→ **Required work**
Begin at the line containing "18ct Yellow Gold Oval Opal Pendant thumbnail" in the data below and go on through the line containing "Bouteille Thermos 500", repeating each line exactly; include both ends and no other line.

(Stored records)
==*==

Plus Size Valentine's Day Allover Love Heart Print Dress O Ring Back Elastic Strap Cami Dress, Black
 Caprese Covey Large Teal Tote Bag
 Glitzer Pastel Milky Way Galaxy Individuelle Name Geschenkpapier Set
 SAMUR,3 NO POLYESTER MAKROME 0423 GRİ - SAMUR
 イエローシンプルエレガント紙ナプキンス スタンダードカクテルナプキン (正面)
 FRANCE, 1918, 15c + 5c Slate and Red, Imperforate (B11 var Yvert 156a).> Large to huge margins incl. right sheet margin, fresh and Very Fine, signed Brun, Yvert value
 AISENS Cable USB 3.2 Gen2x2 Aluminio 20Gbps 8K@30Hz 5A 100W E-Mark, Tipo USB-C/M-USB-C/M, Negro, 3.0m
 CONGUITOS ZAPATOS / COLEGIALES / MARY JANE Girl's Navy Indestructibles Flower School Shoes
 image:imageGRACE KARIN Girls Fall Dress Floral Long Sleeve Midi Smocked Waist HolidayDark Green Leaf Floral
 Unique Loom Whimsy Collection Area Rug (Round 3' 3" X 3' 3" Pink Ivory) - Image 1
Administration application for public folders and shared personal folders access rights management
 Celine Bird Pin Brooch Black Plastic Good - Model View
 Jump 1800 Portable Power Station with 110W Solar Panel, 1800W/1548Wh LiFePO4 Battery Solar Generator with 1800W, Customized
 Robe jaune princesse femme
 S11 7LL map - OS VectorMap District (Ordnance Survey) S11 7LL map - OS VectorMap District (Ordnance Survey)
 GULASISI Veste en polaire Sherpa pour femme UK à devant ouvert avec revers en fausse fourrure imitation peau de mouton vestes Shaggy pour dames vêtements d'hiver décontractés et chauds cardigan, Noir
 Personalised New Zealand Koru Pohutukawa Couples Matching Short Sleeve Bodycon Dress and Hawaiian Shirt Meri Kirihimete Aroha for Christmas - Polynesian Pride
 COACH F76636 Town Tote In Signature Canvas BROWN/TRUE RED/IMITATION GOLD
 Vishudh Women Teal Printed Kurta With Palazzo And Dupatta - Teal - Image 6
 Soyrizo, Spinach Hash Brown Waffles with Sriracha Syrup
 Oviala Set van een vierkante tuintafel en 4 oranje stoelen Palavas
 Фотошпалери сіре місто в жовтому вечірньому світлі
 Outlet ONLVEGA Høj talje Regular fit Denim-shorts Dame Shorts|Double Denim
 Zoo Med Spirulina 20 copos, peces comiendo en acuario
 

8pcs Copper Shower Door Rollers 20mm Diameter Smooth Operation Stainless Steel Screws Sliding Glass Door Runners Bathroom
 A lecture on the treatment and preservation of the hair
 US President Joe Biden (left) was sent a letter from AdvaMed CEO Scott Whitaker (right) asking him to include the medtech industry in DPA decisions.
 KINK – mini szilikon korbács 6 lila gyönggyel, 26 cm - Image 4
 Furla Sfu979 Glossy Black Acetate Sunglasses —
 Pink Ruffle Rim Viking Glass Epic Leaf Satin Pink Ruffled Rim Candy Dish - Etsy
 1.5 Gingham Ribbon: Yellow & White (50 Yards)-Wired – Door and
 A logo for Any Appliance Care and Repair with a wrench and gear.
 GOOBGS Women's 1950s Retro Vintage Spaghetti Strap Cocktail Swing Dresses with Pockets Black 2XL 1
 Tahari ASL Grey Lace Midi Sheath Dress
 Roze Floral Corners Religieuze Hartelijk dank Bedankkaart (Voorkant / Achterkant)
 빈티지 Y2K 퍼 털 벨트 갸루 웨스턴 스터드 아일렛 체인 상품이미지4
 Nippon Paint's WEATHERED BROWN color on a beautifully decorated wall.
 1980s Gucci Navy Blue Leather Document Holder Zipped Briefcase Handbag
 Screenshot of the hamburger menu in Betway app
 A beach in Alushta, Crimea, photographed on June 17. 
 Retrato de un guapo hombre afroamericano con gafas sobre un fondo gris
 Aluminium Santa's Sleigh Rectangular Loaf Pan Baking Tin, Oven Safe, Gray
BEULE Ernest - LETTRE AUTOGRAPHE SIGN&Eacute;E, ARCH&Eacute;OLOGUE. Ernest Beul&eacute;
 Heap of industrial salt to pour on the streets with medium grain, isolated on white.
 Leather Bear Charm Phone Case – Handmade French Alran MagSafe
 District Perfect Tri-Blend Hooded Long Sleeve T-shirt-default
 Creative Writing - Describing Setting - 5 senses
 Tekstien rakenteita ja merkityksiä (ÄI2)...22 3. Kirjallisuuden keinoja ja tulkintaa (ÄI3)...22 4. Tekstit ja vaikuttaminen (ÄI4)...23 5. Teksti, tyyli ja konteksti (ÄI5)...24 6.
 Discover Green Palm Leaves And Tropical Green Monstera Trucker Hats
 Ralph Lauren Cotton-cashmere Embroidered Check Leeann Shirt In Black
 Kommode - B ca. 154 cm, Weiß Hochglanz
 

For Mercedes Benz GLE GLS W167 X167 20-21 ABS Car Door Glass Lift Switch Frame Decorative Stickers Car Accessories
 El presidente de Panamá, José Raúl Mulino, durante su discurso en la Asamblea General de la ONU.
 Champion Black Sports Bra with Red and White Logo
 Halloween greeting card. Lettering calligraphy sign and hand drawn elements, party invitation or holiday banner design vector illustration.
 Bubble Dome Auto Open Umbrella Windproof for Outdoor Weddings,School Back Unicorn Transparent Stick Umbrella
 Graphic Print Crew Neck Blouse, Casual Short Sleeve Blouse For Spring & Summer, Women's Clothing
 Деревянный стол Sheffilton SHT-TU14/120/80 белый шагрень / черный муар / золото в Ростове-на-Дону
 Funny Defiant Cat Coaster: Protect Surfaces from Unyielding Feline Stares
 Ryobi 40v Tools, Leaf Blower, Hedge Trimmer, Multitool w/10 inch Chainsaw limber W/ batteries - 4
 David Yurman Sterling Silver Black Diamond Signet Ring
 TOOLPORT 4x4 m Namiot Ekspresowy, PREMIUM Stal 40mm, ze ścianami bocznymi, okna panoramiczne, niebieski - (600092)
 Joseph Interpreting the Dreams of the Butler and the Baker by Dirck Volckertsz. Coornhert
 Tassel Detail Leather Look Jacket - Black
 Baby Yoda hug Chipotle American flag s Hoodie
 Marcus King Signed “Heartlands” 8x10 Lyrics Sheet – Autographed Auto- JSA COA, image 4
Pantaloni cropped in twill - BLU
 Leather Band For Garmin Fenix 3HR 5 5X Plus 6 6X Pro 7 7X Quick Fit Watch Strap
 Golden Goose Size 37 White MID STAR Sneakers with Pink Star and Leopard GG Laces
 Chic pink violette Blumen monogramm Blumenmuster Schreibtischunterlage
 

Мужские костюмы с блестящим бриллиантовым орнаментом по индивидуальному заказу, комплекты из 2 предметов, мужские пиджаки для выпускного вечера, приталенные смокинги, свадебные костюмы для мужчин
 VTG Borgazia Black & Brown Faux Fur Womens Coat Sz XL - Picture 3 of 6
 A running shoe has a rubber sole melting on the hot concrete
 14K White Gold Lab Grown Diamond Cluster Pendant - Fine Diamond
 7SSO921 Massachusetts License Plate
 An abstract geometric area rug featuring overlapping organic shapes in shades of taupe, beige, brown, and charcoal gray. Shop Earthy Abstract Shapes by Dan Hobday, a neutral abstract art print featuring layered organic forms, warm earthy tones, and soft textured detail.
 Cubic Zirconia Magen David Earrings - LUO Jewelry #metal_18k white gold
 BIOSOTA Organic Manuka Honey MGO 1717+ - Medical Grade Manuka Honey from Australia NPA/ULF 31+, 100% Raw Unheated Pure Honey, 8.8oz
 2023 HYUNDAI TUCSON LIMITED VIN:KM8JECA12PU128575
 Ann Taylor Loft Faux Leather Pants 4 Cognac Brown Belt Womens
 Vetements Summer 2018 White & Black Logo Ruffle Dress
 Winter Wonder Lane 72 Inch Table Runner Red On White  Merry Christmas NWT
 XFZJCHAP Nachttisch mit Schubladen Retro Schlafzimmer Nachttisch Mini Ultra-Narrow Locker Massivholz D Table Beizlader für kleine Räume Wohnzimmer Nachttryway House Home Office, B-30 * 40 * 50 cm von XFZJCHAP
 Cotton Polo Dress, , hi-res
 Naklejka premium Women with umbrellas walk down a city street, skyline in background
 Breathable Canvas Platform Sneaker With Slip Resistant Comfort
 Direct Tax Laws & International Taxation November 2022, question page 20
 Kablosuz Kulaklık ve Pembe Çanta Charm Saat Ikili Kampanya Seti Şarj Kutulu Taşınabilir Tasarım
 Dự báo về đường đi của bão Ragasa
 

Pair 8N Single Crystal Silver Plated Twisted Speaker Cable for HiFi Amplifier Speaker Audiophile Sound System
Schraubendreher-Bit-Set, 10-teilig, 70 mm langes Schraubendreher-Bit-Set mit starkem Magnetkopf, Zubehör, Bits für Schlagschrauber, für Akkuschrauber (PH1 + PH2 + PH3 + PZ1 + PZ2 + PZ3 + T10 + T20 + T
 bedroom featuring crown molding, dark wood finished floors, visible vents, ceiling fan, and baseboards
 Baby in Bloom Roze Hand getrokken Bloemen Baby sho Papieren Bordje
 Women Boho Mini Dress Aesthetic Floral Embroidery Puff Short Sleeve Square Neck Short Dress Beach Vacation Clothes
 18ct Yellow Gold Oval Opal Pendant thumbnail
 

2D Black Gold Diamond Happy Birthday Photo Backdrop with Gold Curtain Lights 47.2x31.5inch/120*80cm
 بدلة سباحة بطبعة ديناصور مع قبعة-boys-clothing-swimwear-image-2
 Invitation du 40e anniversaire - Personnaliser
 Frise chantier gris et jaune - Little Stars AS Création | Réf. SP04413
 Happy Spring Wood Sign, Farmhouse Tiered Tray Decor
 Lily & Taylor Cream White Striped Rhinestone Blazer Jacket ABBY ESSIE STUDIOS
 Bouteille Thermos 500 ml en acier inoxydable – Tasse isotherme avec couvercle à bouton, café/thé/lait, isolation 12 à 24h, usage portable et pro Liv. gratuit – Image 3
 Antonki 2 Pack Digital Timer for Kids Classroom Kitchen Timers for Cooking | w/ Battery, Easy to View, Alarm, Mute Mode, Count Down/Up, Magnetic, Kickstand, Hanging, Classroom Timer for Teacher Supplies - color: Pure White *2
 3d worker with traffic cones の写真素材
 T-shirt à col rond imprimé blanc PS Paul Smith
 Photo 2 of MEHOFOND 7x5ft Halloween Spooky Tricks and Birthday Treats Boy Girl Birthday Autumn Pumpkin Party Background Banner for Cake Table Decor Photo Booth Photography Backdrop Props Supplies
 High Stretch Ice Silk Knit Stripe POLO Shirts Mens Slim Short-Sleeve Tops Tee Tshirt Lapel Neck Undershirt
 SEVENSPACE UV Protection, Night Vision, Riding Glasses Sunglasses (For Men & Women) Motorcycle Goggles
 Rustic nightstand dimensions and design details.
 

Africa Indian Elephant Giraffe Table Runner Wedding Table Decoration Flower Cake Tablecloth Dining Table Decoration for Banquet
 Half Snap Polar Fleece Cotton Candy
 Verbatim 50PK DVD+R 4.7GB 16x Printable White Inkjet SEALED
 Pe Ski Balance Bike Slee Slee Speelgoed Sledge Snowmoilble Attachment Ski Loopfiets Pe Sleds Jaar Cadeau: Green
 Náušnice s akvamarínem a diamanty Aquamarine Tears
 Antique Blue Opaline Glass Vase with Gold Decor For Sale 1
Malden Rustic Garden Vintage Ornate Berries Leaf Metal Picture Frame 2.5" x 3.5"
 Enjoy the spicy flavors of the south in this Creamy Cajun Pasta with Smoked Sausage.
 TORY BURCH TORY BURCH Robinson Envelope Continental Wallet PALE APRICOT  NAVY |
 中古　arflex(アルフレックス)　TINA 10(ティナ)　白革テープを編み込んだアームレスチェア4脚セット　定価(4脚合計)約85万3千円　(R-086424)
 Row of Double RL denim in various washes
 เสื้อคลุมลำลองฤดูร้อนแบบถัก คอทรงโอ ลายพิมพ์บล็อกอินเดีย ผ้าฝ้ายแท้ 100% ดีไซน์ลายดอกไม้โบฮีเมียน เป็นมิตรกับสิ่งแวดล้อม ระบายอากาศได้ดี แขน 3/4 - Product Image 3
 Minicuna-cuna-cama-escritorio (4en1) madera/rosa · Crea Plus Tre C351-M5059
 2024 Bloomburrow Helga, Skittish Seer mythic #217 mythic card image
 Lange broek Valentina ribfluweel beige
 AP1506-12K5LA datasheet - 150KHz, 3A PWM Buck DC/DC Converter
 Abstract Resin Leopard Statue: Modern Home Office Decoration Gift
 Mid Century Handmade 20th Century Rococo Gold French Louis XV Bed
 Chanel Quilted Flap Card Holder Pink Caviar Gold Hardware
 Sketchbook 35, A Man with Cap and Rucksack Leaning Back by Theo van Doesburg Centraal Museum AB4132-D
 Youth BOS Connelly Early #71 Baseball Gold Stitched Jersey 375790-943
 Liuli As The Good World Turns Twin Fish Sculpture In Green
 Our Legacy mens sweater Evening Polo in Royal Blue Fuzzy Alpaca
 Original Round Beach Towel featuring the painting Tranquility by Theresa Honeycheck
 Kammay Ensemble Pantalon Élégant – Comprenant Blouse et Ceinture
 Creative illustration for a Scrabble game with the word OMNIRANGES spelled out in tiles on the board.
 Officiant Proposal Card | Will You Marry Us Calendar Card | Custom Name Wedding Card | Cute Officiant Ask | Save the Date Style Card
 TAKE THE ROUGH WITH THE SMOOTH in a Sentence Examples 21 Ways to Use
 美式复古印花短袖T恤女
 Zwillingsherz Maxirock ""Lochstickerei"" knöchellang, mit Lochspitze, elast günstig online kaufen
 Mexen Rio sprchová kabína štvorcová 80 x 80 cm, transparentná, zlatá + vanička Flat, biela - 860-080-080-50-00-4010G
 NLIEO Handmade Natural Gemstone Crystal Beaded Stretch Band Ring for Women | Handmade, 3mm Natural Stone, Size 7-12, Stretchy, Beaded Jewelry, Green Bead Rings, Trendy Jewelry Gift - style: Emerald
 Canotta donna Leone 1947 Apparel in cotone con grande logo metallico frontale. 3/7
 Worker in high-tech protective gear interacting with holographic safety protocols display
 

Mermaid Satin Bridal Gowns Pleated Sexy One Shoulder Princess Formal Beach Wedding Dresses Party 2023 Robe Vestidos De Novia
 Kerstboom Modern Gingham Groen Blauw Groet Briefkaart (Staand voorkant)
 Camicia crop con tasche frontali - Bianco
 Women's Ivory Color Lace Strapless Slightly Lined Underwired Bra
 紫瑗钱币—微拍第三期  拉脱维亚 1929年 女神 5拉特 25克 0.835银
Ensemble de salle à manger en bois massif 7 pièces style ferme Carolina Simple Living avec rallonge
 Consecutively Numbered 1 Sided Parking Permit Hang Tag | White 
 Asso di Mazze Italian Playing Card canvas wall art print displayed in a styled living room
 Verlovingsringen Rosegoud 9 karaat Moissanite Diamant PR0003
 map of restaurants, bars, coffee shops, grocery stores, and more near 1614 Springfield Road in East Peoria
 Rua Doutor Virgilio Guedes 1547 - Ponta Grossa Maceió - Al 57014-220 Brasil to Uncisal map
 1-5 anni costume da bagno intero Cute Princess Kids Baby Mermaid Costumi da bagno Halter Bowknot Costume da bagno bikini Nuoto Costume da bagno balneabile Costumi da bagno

==*==

→ **Written response**
 18ct Yellow Gold Oval Opal Pendant thumbnail
 

2D Black Gold Diamond Happy Birthday Photo Backdrop with Gold Curtain Lights 47.2x31.5inch/120*80cm
 بدلة سباحة بطبعة ديناصور مع قبعة-boys-clothing-swimwear-image-2
 Invitation du 40e anniversaire - Personnaliser
 Frise chantier gris et jaune - Little Stars AS Création | Réf. SP04413
 Happy Spring Wood Sign, Farmhouse Tiered Tray Decor
 Lily & Taylor Cream White Striped Rhinestone Blazer Jacket ABBY ESSIE STUDIOS
 Bouteille Thermos 500 ml en acier inoxydable – Tasse isotherme avec couvercle à bouton, café/thé/lait, isolation 12 à 24h, usage portable et pro Liv. gratuit – Image 3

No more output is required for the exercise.